Regional Crash Locations
Map 8-11 shows reportable crashes on interstates and expressways of the Richmond region in 2006. The number of crashes in the region increased 42 percent from 2000 to 2006; however the data on the individual jurisdictions show that that New Kent has experienced the most increase (122%) in the number of crashes while Chesterfield has experienced the least (11%).
Map 8-12 indentifies location of crashes involving fatalities in 2006. Although the data was not analyzed to determine specific location of fatalities, it is clear that fatalities have increased significantly on I-95 around I-295 east of I-95 in the City of Richmond.
Map 8-13 shows the total number of crashes in the region involving injuries in 2006 respectively.
Using Technology to Manage Traffic Congestion
Up to this point, Chapter 8 has focused on evaluating the overall Richmond area transportation system and identifying where congestion currently exists along the region’s major travel routes.
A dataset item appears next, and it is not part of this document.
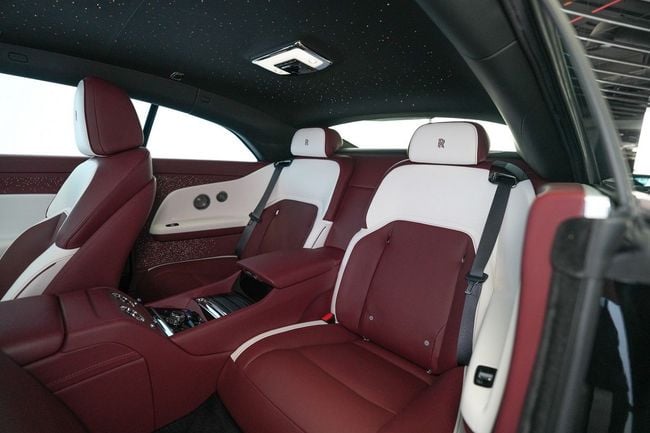 Rolls-Royce Spectre STANDARD, миниатюра 24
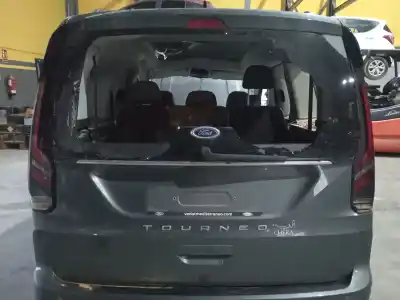 Peça sobressalente para automóvel em segunda mão porta da mala / tampa traseira por ford tourneo connect / grand tourneo connect monospace 1.5 ecoboost referências oem iam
This section of the chapter seeks to identify the use of current technology – or Intelligent Transportation Systems – as an available solution to help solve congestion problems without many of the monetary and environmental costs associated with creating new or expanding existing roadways.
What is ITS?
ITS is an acronym that stands for Intelligent Transportation Systems. The basic goal of ITS programs across the country is the use of modern computer and communications technologies to aid in the management of our existing transportation systems. When integrated into the transportation system infrastructure, and in vehicles themselves, these technologies help monitor and manage traffic flow, reduce congestion, provide alternate routes to travelers, enhance productivity, and save lives, time, and money.
Intelligent transportation systems provide the tools for skilled transportation professionals to collect, analyze, and archive data about the performance of the system during the hours of peak use. Having this data enhances traffic operators' ability to respond to incidents, adverse weather, or other capacity constricting events.
Examples of intelligent transportations systems include:
Advanced Traveler Information Systems deliver data directly to travelers, empowering them to make better choices about alternate routes or modes of transportation. When archived, this historical data provides transportation planners with accurate travel pattern information.
Advanced Traffic Management Systems employ a variety of relatively inexpensive detectors, cameras, and communication systems to monitor traffic, optimize signal timings on major arterials, and control the flow of traffic.
Incident Management Systems, for their part, provide traffic operators with the tools to allow quick and efficient response to accidents, hazardous spills, and other emergencies.
Redundant communications systems link data collection points, transportation operations centers, and travel information portals into an integrated network that can be operated efficiently and "intelligently.”